Beginning with the line below that contains "Gepersonaliseerde gezichtsfoto Zachte" and ending with the line that contains "giving.bchigh.edu", copy every line exactly. Copy nothing else.

Records for processing section start

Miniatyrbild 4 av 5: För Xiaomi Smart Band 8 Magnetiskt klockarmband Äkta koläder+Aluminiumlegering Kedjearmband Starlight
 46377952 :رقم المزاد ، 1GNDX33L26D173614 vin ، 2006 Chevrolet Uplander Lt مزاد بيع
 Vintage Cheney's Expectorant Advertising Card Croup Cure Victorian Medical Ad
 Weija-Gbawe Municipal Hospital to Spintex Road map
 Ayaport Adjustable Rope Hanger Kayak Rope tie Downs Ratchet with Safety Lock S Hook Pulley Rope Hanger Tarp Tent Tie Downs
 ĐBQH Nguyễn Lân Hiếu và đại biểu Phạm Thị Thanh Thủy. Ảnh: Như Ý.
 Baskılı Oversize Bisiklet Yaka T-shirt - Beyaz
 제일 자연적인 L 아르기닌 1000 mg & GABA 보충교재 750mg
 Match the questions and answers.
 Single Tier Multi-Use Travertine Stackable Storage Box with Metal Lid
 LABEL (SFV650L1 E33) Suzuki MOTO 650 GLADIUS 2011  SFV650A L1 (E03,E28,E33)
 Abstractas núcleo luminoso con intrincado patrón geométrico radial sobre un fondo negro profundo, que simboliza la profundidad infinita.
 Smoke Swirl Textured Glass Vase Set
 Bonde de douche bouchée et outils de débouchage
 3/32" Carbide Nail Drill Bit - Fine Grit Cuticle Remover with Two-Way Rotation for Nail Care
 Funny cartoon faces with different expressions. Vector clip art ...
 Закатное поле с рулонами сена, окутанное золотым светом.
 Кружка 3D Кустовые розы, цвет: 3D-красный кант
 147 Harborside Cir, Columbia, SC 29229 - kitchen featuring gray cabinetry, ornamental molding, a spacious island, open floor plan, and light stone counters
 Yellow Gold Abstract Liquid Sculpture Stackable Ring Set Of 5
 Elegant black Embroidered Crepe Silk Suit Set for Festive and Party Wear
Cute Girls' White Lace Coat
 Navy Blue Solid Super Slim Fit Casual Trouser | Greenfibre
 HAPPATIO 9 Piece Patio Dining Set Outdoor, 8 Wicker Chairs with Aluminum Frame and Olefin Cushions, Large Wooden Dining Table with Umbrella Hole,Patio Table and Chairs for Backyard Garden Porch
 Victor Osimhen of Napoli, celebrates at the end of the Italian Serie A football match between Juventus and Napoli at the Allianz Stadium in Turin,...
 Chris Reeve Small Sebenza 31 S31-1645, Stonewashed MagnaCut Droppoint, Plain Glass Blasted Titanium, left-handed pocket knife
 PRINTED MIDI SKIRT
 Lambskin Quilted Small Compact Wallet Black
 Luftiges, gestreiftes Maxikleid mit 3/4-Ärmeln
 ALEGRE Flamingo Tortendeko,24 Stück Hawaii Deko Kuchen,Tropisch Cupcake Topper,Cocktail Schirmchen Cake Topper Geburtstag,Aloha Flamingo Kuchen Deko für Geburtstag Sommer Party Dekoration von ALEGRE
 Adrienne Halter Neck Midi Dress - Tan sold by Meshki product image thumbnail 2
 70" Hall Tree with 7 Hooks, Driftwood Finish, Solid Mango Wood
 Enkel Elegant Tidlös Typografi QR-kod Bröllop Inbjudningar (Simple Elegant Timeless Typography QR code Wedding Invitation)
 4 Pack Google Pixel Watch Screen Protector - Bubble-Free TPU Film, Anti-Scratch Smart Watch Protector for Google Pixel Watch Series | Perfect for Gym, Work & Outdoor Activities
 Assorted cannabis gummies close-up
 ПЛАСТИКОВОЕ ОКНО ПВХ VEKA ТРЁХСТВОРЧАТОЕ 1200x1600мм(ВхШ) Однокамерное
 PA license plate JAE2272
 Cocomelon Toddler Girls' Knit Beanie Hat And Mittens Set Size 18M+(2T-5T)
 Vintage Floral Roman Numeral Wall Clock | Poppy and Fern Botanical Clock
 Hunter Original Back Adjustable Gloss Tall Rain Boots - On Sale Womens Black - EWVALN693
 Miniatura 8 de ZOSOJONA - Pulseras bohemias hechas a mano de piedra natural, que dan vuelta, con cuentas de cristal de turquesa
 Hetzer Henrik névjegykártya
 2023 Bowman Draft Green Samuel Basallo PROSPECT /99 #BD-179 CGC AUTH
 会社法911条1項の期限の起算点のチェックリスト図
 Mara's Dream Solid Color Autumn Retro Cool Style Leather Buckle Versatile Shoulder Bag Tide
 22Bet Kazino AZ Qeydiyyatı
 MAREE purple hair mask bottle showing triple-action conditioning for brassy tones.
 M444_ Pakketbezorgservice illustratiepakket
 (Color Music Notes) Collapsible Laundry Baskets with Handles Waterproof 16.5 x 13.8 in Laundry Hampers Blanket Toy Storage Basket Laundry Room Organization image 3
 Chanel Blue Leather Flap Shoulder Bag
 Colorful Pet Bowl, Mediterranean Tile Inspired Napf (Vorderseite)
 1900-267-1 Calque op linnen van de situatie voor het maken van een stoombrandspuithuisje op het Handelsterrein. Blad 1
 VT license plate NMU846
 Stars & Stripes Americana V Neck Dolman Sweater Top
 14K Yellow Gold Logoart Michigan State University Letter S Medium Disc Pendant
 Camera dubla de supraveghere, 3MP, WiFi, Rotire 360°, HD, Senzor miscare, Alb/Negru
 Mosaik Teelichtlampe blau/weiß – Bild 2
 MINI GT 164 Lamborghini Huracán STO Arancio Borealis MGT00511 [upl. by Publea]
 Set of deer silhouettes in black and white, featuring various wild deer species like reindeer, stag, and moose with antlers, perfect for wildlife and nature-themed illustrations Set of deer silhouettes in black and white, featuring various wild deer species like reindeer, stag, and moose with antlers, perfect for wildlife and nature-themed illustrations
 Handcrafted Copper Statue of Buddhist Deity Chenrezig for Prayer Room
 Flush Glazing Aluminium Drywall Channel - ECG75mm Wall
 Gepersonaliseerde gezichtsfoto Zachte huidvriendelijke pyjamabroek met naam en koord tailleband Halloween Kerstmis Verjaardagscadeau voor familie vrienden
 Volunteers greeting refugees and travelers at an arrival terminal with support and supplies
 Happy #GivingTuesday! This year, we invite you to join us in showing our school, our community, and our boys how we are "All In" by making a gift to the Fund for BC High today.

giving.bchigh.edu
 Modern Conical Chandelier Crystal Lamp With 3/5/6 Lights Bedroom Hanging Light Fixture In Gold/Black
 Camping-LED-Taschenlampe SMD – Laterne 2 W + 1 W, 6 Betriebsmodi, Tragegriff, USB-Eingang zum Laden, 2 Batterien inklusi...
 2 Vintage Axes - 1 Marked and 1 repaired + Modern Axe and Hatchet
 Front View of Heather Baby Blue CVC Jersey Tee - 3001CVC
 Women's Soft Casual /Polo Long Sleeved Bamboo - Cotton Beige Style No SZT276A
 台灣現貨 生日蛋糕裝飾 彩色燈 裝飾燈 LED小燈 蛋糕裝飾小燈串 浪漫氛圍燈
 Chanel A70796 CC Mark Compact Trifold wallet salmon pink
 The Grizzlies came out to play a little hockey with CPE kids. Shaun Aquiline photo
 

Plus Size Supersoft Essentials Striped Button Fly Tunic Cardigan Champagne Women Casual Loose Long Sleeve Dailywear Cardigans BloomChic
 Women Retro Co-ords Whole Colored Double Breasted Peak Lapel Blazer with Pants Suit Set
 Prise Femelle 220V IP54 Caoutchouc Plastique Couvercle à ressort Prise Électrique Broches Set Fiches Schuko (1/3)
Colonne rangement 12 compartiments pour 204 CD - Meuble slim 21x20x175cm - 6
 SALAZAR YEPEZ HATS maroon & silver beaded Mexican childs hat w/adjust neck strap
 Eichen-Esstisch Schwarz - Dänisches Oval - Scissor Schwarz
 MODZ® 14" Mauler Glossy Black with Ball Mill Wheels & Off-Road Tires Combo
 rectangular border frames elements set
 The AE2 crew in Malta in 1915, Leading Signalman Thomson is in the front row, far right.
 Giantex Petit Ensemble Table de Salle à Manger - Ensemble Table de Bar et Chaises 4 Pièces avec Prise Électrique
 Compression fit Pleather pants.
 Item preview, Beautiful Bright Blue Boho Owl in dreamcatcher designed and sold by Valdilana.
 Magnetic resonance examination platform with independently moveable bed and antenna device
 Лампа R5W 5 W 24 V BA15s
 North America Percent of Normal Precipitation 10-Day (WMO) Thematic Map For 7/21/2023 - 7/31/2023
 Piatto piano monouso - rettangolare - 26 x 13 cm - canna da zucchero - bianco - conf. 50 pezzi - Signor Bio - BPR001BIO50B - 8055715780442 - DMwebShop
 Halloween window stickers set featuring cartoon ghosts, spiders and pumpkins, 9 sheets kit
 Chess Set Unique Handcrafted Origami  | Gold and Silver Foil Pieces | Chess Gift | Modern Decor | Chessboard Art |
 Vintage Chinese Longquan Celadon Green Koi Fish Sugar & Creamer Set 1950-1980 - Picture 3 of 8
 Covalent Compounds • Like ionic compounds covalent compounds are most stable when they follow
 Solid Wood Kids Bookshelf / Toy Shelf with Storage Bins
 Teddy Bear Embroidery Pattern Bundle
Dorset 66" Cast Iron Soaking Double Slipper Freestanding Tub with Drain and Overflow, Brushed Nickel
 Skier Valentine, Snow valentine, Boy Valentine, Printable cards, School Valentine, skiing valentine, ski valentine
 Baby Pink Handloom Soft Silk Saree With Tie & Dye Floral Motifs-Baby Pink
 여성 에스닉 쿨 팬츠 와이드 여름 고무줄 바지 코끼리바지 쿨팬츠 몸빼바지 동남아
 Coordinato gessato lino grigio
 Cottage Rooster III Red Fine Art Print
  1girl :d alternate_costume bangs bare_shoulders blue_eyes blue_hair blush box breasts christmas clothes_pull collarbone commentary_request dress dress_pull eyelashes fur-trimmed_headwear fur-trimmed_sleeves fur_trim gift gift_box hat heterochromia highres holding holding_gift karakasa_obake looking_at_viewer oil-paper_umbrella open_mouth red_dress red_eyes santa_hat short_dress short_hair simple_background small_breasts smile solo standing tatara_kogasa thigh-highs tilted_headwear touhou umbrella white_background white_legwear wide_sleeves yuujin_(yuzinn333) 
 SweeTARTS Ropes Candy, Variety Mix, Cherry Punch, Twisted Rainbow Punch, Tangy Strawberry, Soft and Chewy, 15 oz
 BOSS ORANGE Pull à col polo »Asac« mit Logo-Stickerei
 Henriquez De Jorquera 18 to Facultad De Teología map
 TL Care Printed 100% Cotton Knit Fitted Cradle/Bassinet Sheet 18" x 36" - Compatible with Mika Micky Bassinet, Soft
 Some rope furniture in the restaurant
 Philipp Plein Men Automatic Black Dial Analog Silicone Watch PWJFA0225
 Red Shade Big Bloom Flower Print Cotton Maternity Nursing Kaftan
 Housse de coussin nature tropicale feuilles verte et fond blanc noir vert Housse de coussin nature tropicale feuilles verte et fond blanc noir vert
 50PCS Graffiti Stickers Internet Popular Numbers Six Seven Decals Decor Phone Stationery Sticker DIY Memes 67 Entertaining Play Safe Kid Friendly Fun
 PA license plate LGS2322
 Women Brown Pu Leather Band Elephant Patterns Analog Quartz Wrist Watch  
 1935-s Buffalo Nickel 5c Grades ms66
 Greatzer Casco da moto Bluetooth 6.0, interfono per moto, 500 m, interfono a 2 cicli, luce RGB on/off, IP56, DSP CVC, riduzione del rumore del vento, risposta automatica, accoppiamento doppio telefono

Records for processing section end

### Output below
 Gepersonaliseerde gezichtsfoto Zachte huidvriendelijke pyjamabroek met naam en koord tailleband Halloween Kerstmis Verjaardagscadeau voor familie vrienden
 Volunteers greeting refugees and travelers at an arrival terminal with support and supplies
 Happy #GivingTuesday! This year, we invite you to join us in showing our school, our community, and our boys how we are "All In" by making a gift to the Fund for BC High today.

giving.bchigh.edu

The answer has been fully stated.